## Aim of the task
Retype only what runs from the first line of the records to the line with "Dorman 641-5102 Vinyl", inclusive, and no pictures.

## Data excerpts
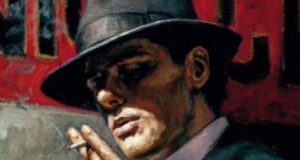 Andrea Ferrari – L’agente segreto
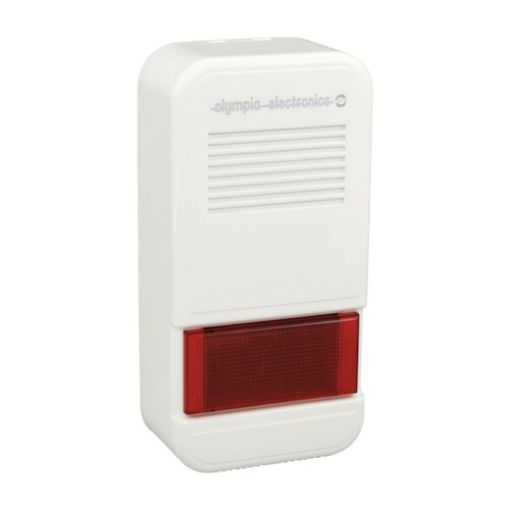 Εικόνα της BS-546 Φαροσειρήνα Γενικής Χρήσεως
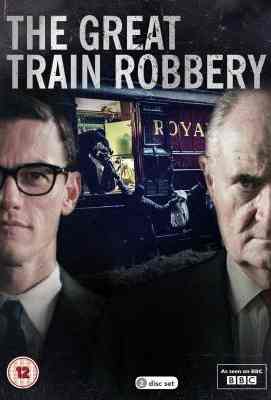 火车大劫案 THE GREAT TRAIN ROBBERY (2013)豆瓣评分：· · 
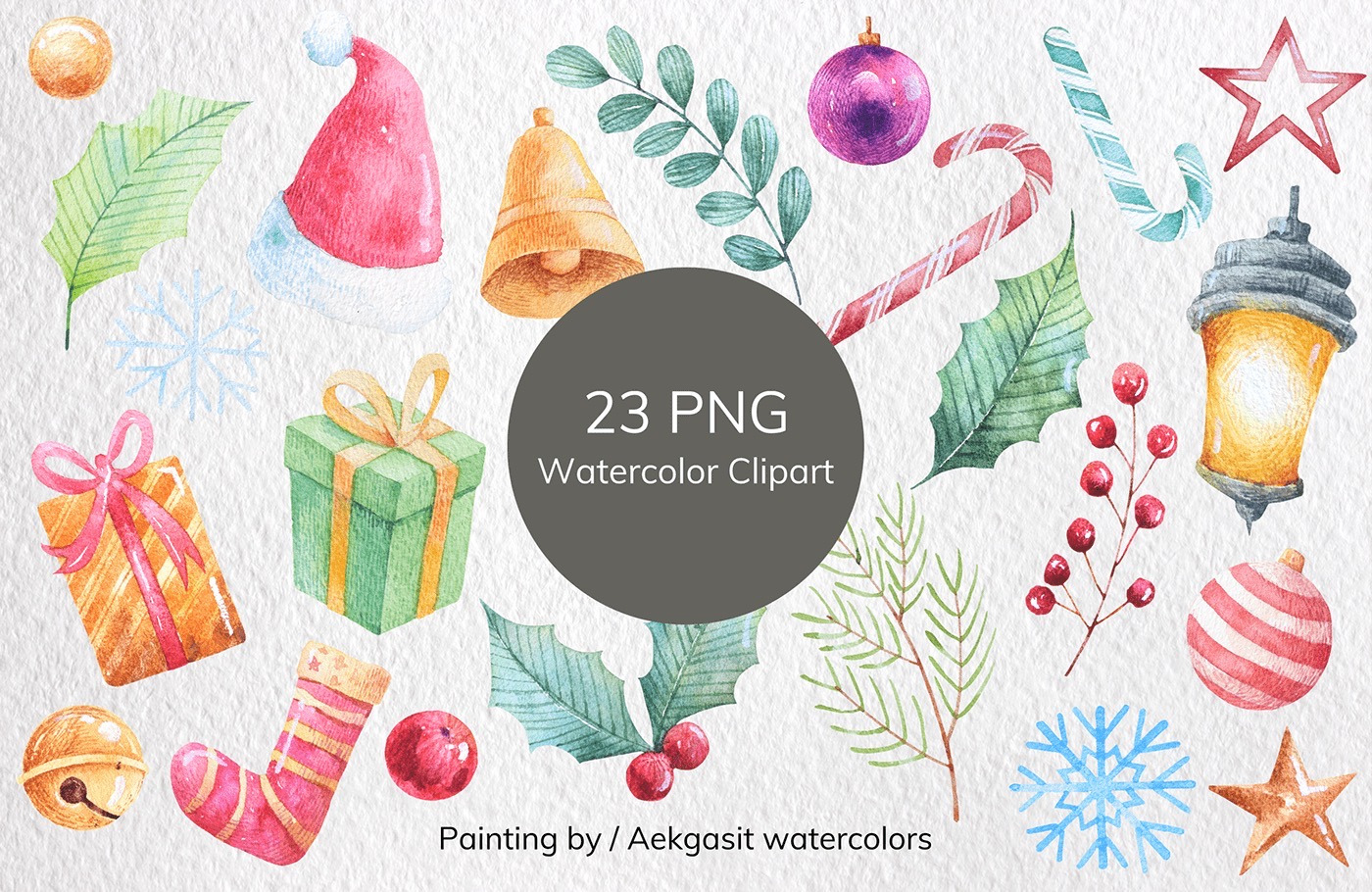 Seamless Pattern for Gift Wrapping Paper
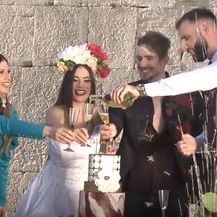 Grupa Best snimila spot za pjesmu Ljube moja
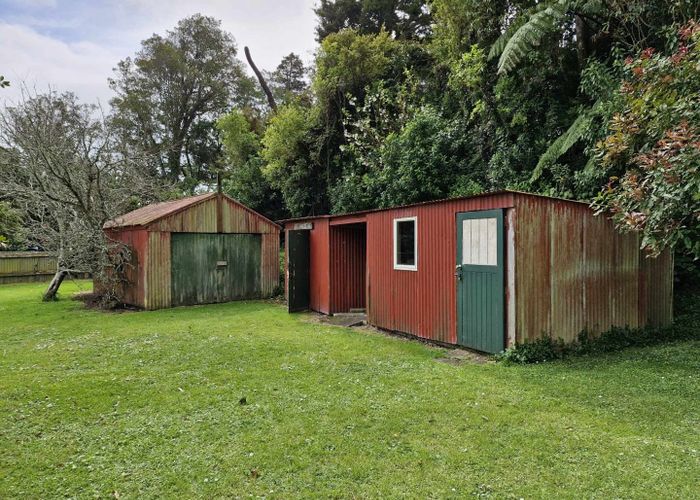  at 5A Burgess Hill Road, Burgess Park, New Plymouth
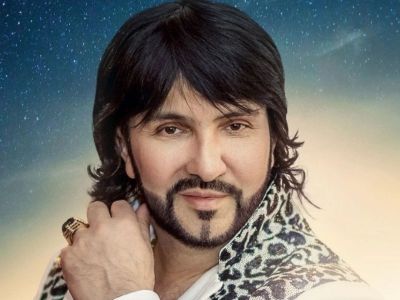 Александр Марцинкевич и группа «Кабриолет»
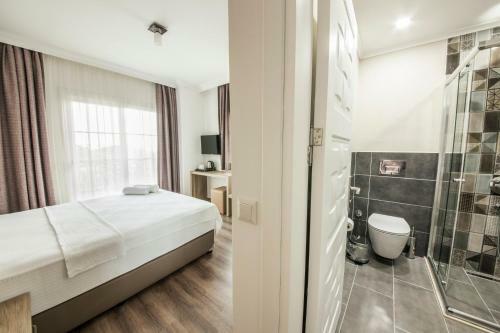 Hotel Dekatria Rooms&aparts
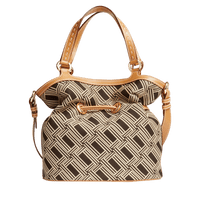 MEDIUM BUCKET BAG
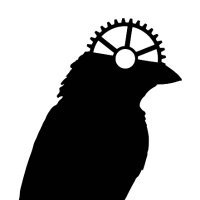 Clockwork Bird (@_clockworkbird_) 's Twitter Profile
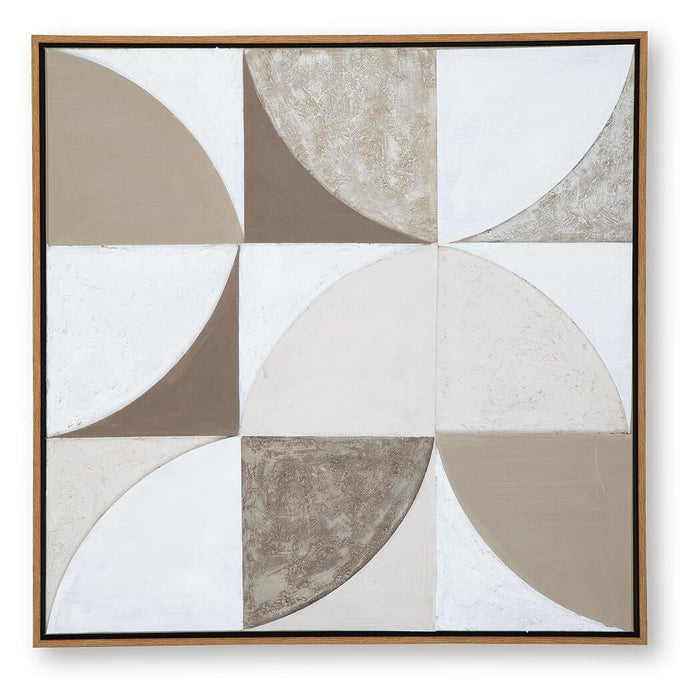 Harelman Wall Art - alternate view 4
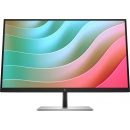 HP E27k G5 6N4C4AA / monitor 27,0" / 4K UHD (3840 x 2160) / IPS / LED / DP / HDMI / 3 x USB 3.0 / 1 x USB typ C / VESA 100 x 100 / pivot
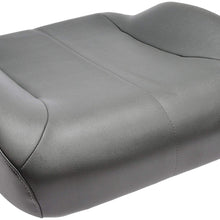 Dorman 641-5102 Vinyl Seat Cushion for Select International Models, Light Gray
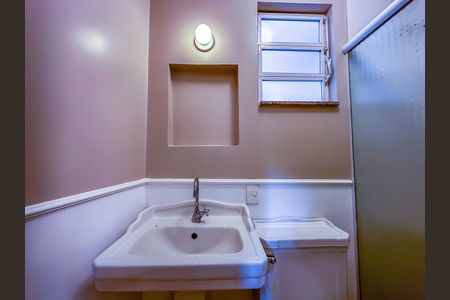 Apartamento à venda com 3 quartos, 180m² em Flamengo, Rio de Janeiro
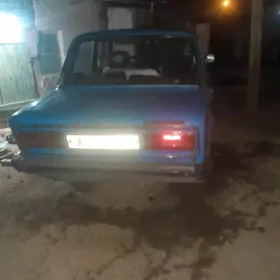 Lada 2106 1983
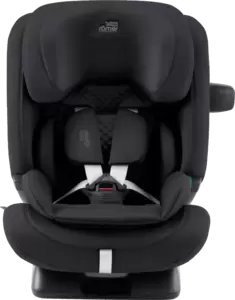 Детское автокресло Britax Romer Advansafix Pro Lux (Onyx Black)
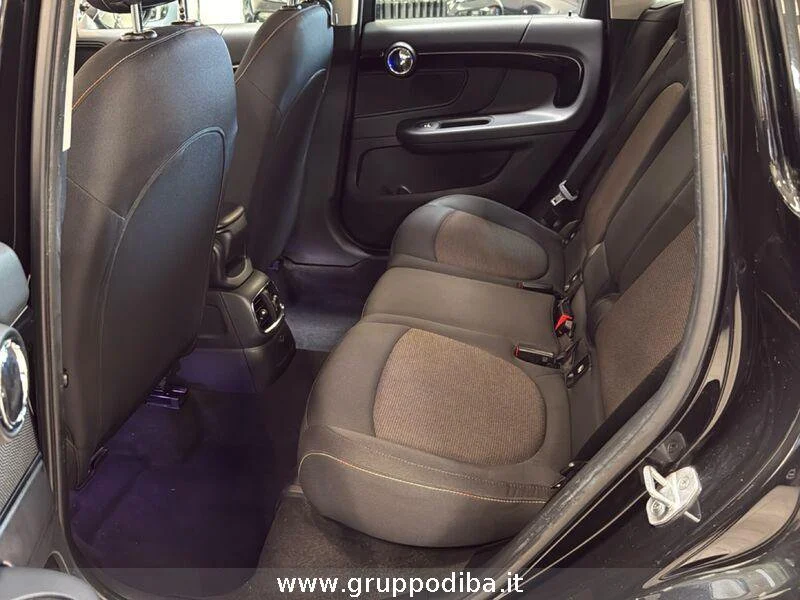 MINI Countryman Mini Countryman 2.0 Cooper D Business auto- Gruppo Diba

## Task response
 Andrea Ferrari – L’agente segreto
 Εικόνα της BS-546 Φαροσειρήνα Γενικής Χρήσεως
 火车大劫案 THE GREAT TRAIN ROBBERY (2013)豆瓣评分：· · 
 Seamless Pattern for Gift Wrapping Paper
 Grupa Best snimila spot za pjesmu Ljube moja
  at 5A Burgess Hill Road, Burgess Park, New Plymouth
 Александр Марцинкевич и группа «Кабриолет»
 Hotel Dekatria Rooms&aparts
 MEDIUM BUCKET BAG
 Clockwork Bird (@_clockworkbird_) 's Twitter Profile
 Harelman Wall Art - alternate view 4
 HP E27k G5 6N4C4AA / monitor 27,0" / 4K UHD (3840 x 2160) / IPS / LED / DP / HDMI / 3 x USB 3.0 / 1 x USB typ C / VESA 100 x 100 / pivot
 Dorman 641-5102 Vinyl Seat Cushion for Select International Models, Light Gray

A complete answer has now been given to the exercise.